Aim of the task
Below are some entries. Return exactly the lines from the one with "Miniatura 6 de" through the final line, leaving out any pictures.

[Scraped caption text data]
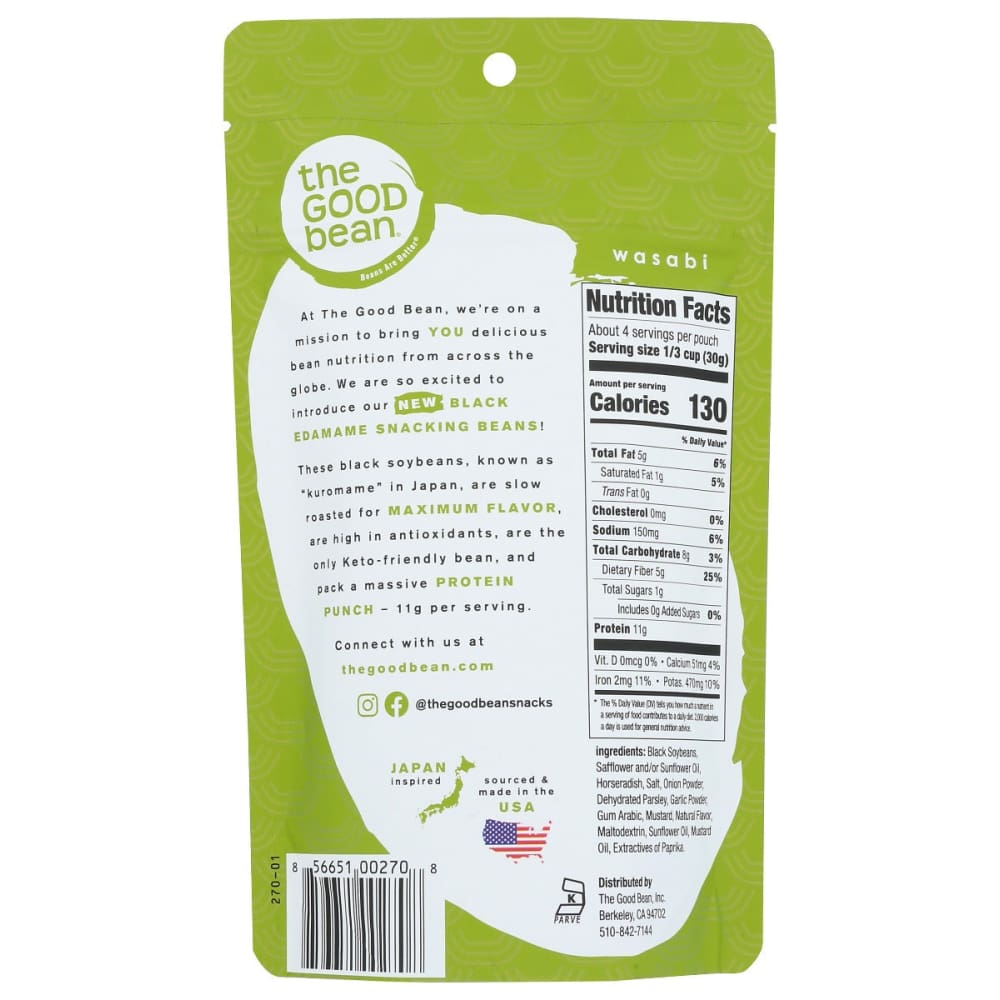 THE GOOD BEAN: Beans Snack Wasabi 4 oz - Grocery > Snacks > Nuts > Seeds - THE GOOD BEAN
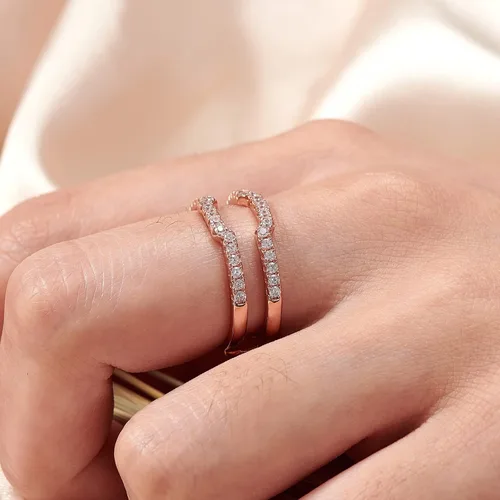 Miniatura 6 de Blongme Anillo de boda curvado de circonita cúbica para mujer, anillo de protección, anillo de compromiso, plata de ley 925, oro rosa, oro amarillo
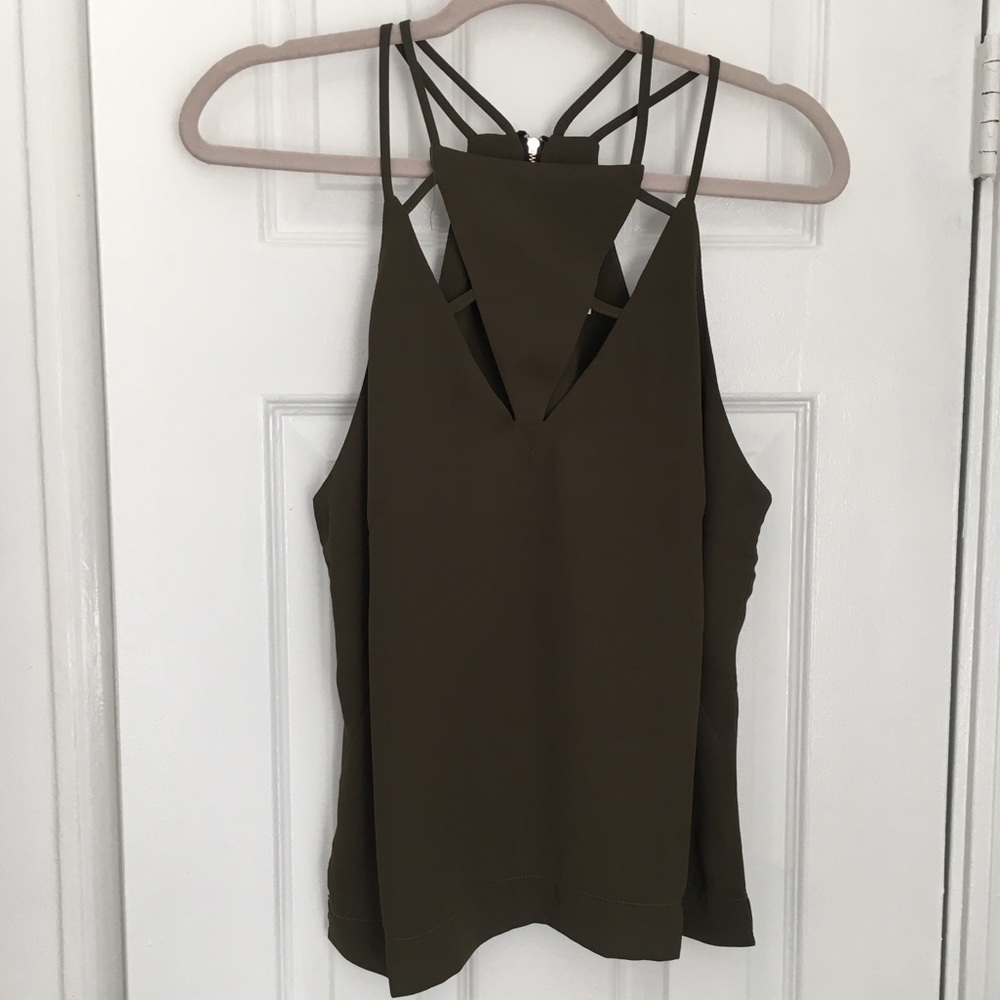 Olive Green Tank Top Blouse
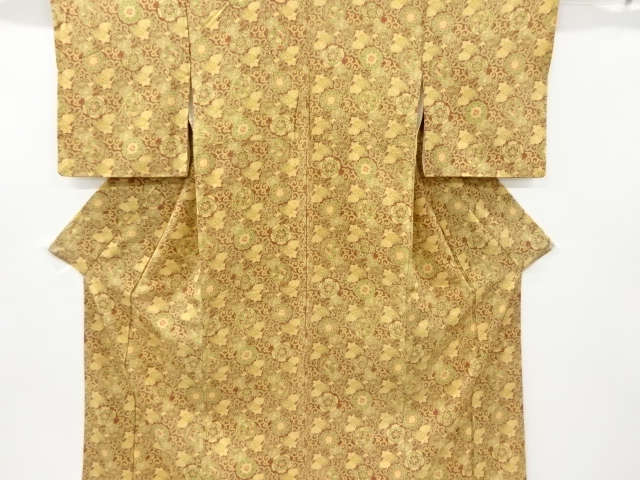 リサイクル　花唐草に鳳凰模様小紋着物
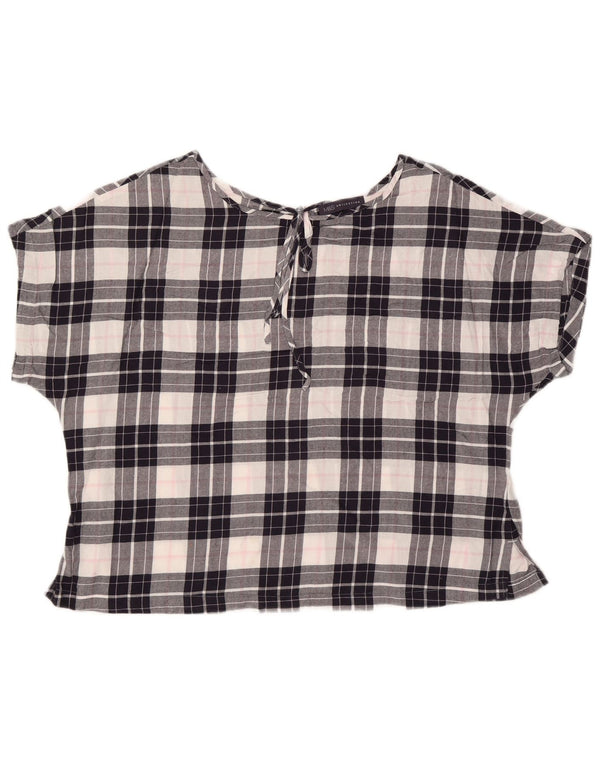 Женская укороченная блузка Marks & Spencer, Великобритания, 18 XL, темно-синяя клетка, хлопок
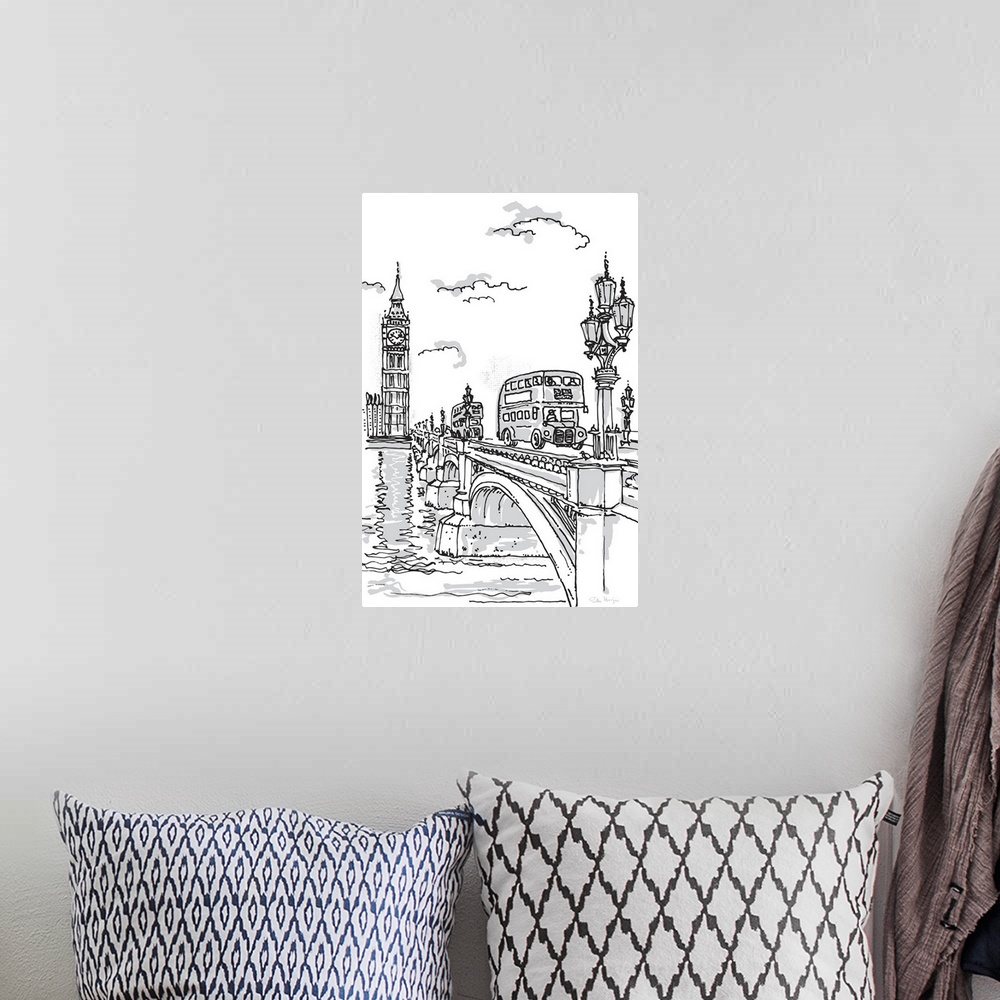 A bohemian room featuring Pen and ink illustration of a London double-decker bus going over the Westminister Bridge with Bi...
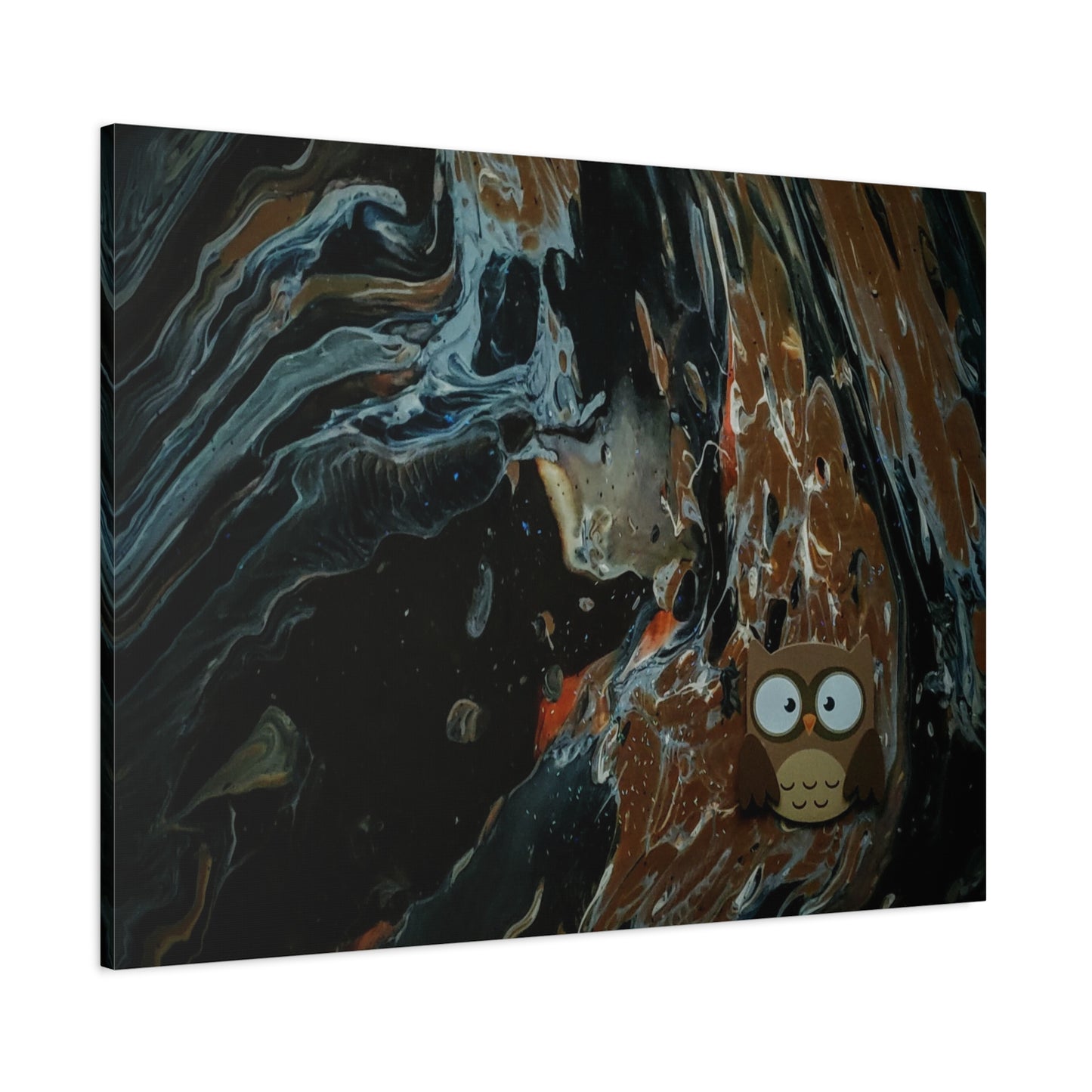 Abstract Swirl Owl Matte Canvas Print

Answer section
 Miniatura 6 de Blongme Anillo de boda curvado de circonita cúbica para mujer, anillo de protección, anillo de compromiso, plata de ley 925, oro rosa, oro amarillo
 Olive Green Tank Top Blouse
 リサイクル　花唐草に鳳凰模様小紋着物
 Женская укороченная блузка Marks & Spencer, Великобритания, 18 XL, темно-синяя клетка, хлопок
 A bohemian room featuring Pen and ink illustration of a London double-decker bus going over the Westminister Bridge with Bi...
 Abstract Swirl Owl Matte Canvas Print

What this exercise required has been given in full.